Though Cosby's future job prospects look increasingly grim – AP reports that several more venues in Oklahoma, Nevada, Illinois and Arizona, among others, announced they were scrapping plans to host his concerts – the 77-year-old comedian broke his silence Friday by telling a Florida newspaper that he shouldn't have to defend himself against "innuendos."
"I know people are tired of me not saying anything," Cosby told the newspaper. "People should fact check. People shouldn't have to go through that and shouldn't answer to innuendos."
As accusers continued to surface – the most recent one is Beth Ferrier, though her accusations aren't new; she was Jane Doe #5 in Andrea Constand's 2006 civil suit against Cosby – the comedian took the stage in Melbourne, Florida, and was met with a standing ovation. (Before the show began, a single photo of Cosby with the late Nelson Mandela was projected on the stage.)

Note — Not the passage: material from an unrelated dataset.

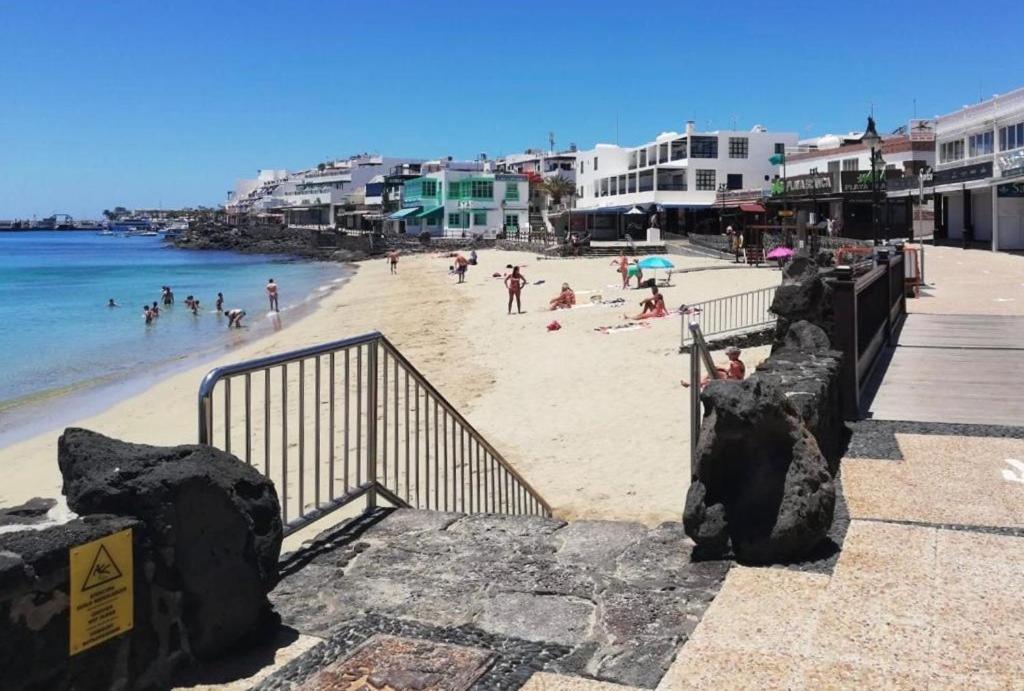 Pure&Brave Playa Blanca Muy Centrico 2 minutos Playa y servicios andando photo
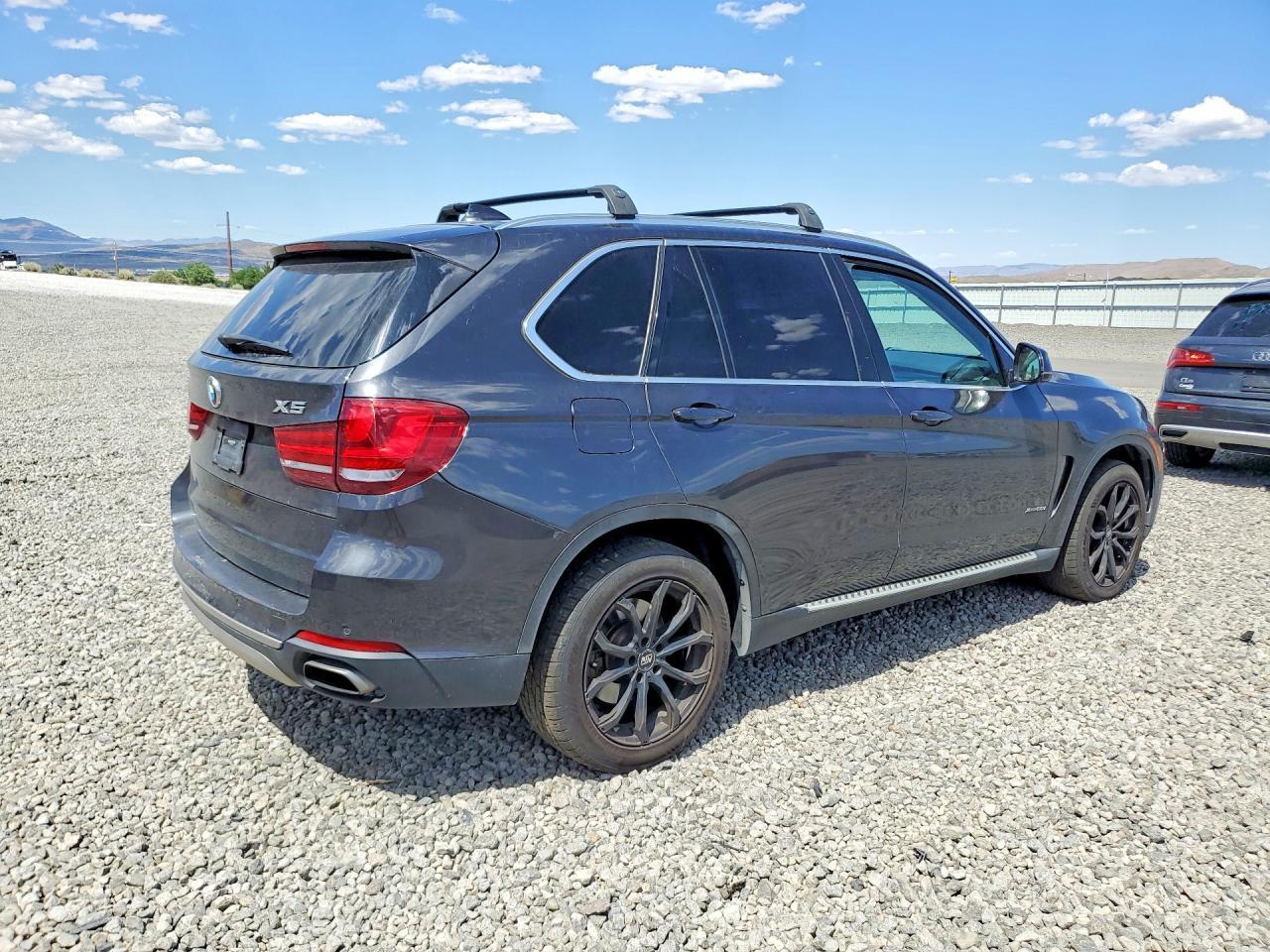 2016 BMW X5 xDrive50I - Image 3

During his 90-minute show (in which he wore a sweatshirt that read "HELLO FRIEND"), Cosby waxed on about his youth – how he once stole money from the church offering plate to buy ice cream and how his uncle was the one to explain where babies came from.
Though a local radio station offered pay ticketgoers to heckle Cosby, there were no disruptions during the show other than one fan yelling, "We love you Bill Cosby!"
Cosby never once mentioned the scandal.
It's unclear what toll, if any, the allegations have taken on Cosby financially. Though NBC scrapped a deal to develop a family comedy with him and Netflix postponed a planned comedy special, a great deal of Cosby's wealth was amassed from his run on NBC's The Cosby Show, which provided the comedian with a six-figure salary on a weekly basis along with a share of the profits when the show went into syndication.
Before the scandal broke, Cosby was reaping financial awards from comedy concerts and commencement speeches, which fetch him up to $100,000 per appearance, according to one course close to the comedian. It seems certain that the days of receiving big TV paychecks are over.
"His career is over. It's done," says one Hollywood crisis expert. "There's no salvation from this. Why would anybody want to go into business with this guy now?"